In partnership with the Information Services Department (ISD) and the NCCE, CAMFED association members are conducting community outreach activities on the pandemic by using information vans and megaphones to reach the most remote communities without radio stations.
The CAMFED association has also donated Veronica buckets and liquid soaps to the Tamale Children’s Home and also liquid soap and nose masks to the Savelugu Hospital.??? In the Tamale and Sagnarigu districts.???
Members also donated soaps to households in four communities to promote personal hygiene practices.
The CAMFED Association has also supported the NCCE with a donation of personal protective materials such as hand washing liquid soap, sanitisers, nose masks and tissues to enhance the safety of NCCE officials in the discharge of their duties.
Though the challenges of COVID-19 are far-reaching and varied, the CAMFED association sees the difficult times we find ourselves in as an opportunity to test the agility and adaptability of its members in supporting communities across the country.

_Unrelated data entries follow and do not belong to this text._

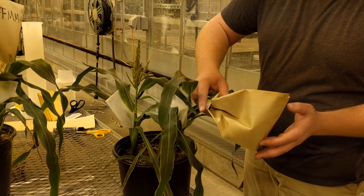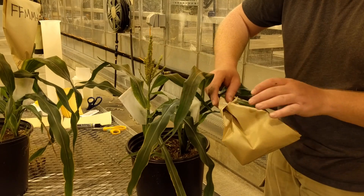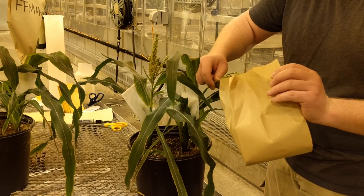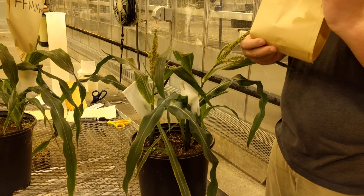Carefully bend the plant over so that any pollen will run into the tassel bag instead of out the opening. Remove the paper clip and open the bag, then shake the tassel to release fresh pollen. Separate the anthers from the pollen by opening the bag wide and holding it with a slight slope toward the opening of the bag. Gently tap the side of the bag to cause the anthers and pollen to roll toward the opening. Anthers will roll faster than the pollen and can be discarded. Pinch the bottom edge of the bag to form a trough that will catch the pollen and allow for more precise pouring. Set the bag aside where stray pollen will not fall or blow in.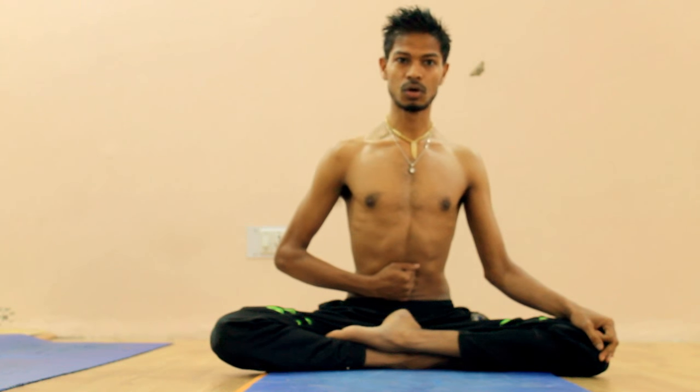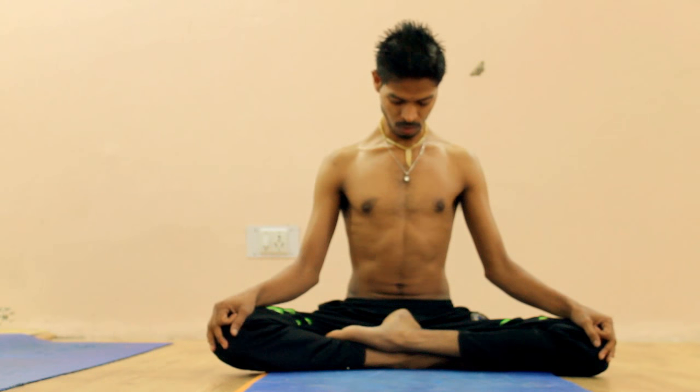Uddiyana Bandha means stomach lock, so we are going to lock the stomach. First, you will do three abdominal breathings to prepare yourself. Like that, you will do three breathings, and after that you are ready.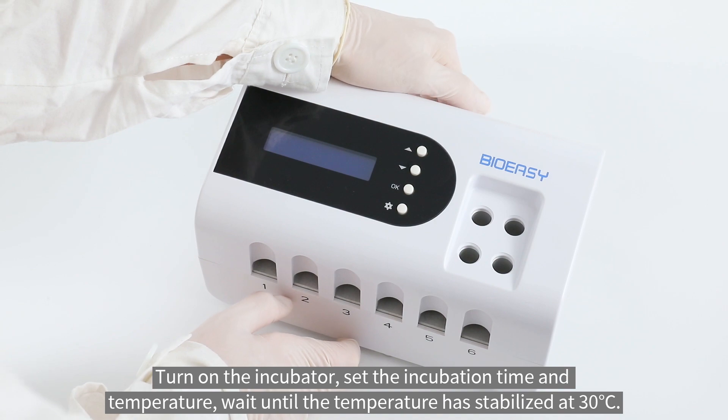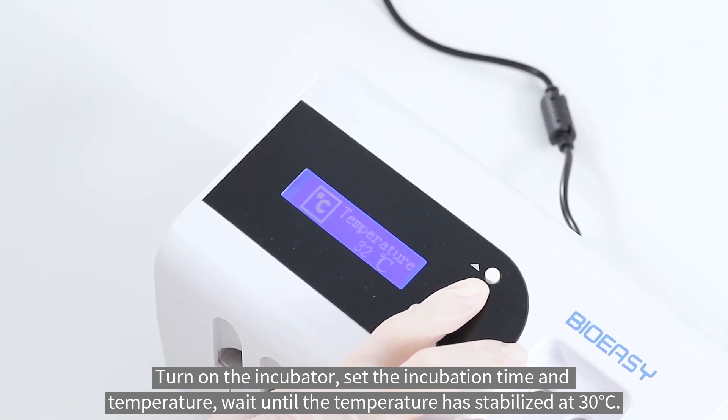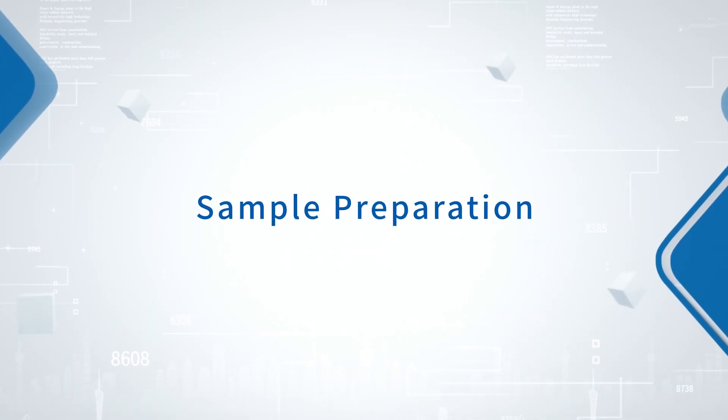Turn on the incubator, set the incubation time and temperature. Wait until the temperature has stabilized at 30 degrees Celsius. Sample preparation.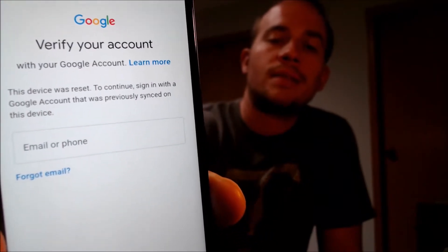As we can see here, as we're going through the setup steps, we get to the screen that tells us that the device was reset, and to continue, we have to sign in with the Google Account that was previously on the device.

The association sees the challenges faced in the education sector, following school closures as an opportunity to further strengthen partnerships with the GES in districts to explore innovative ways of teaching and learning, with minimal disruptions to the academic calendar.
Investment in young women’s leadership and livelihoods will help communities cope with the social and economic effects of the COVID-19.
Members are working to strengthen grassroots partnerships with community champions, including traditional authorities to help minimise the impact of the crisis on individuals, vulnerable groups and communities.